Aim of the exercise: Starting with the line with "X0000088920520200706081401" in the entries below and going on through the line with "Local Vineyards and Wineries - Kvareli", output every line exactly and nothing more. No pictures.

Segment Start: Available records

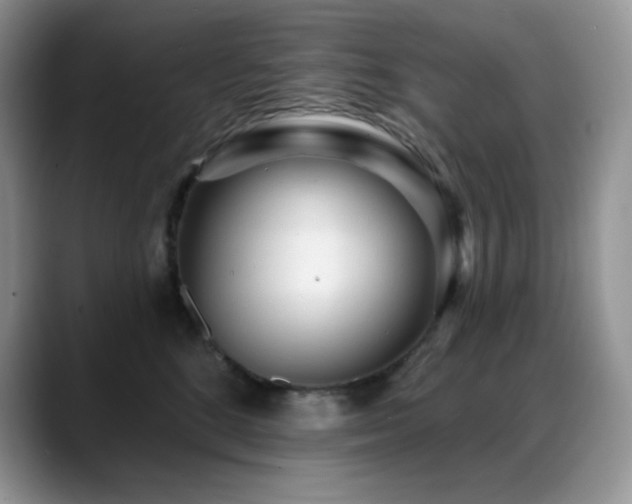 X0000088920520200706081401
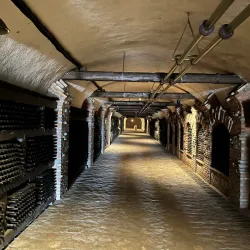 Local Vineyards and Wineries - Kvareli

Segment End: Available records
Segment Start: Available records

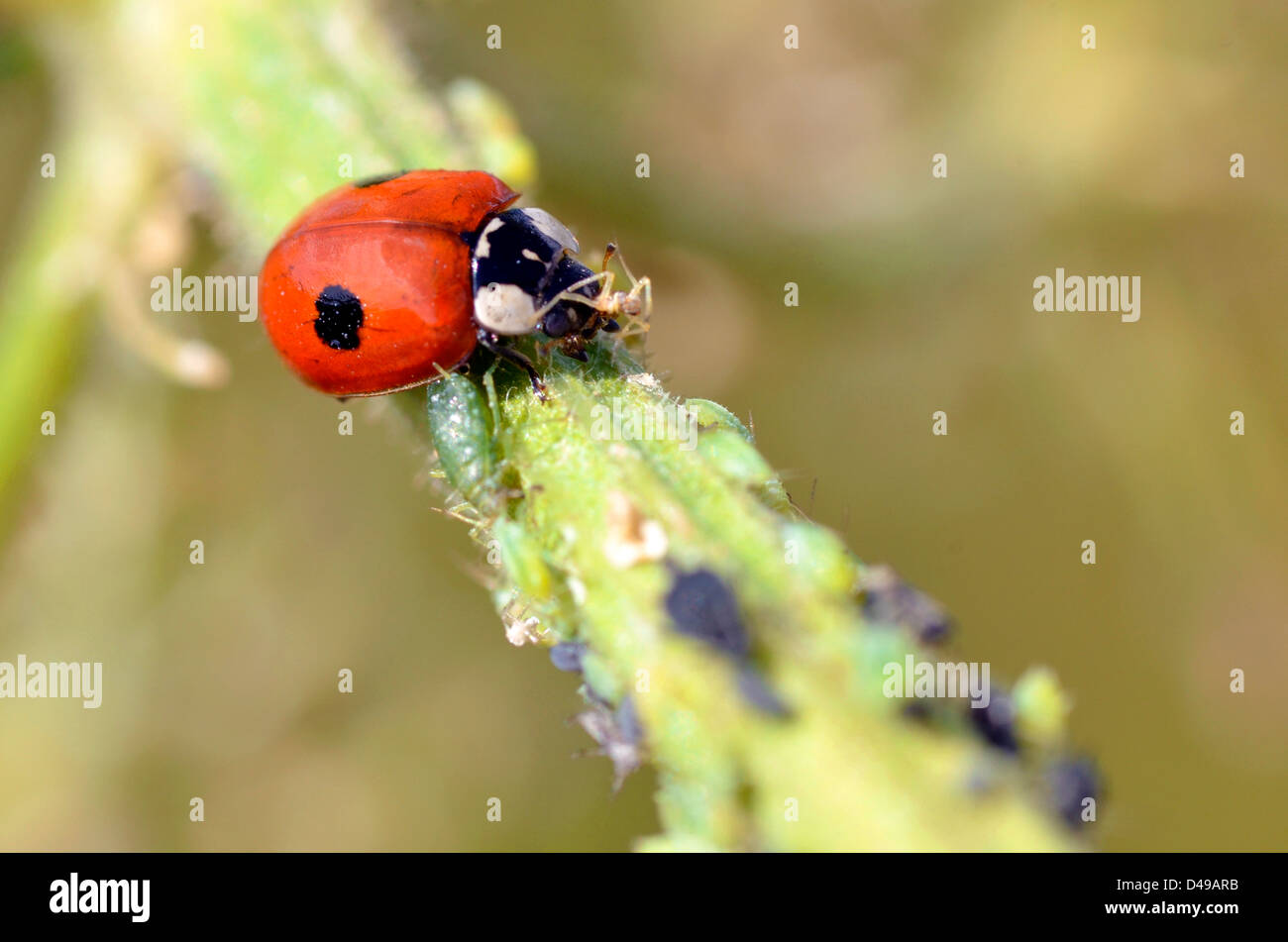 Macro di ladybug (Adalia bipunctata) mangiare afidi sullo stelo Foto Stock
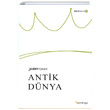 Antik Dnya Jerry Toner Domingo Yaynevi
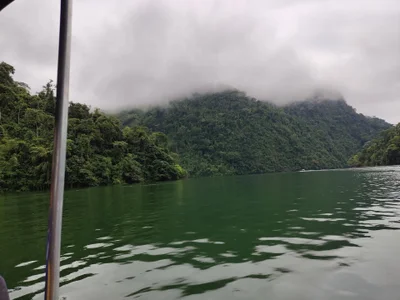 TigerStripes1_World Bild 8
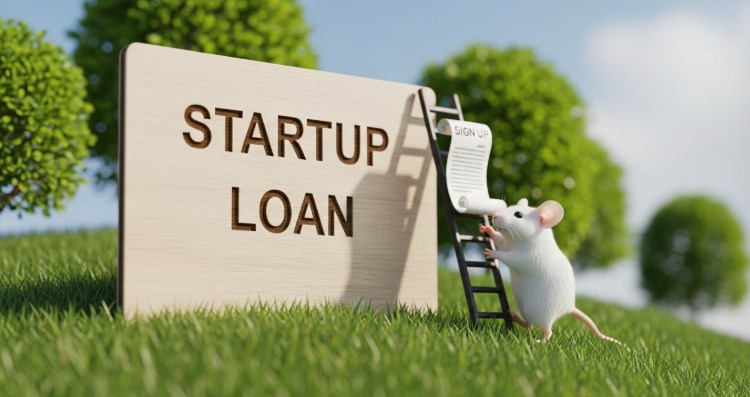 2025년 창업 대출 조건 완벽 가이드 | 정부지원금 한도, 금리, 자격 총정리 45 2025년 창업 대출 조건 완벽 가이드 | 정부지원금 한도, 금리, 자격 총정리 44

Segment End: Available records
Segment Start: Available records

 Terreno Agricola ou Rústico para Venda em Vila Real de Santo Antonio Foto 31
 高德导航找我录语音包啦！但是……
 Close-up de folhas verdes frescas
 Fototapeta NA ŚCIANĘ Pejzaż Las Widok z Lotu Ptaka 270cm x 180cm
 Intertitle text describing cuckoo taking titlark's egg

Segment End: Available records

Exercise answer:
 X0000088920520200706081401
 Local Vineyards and Wineries - Kvareli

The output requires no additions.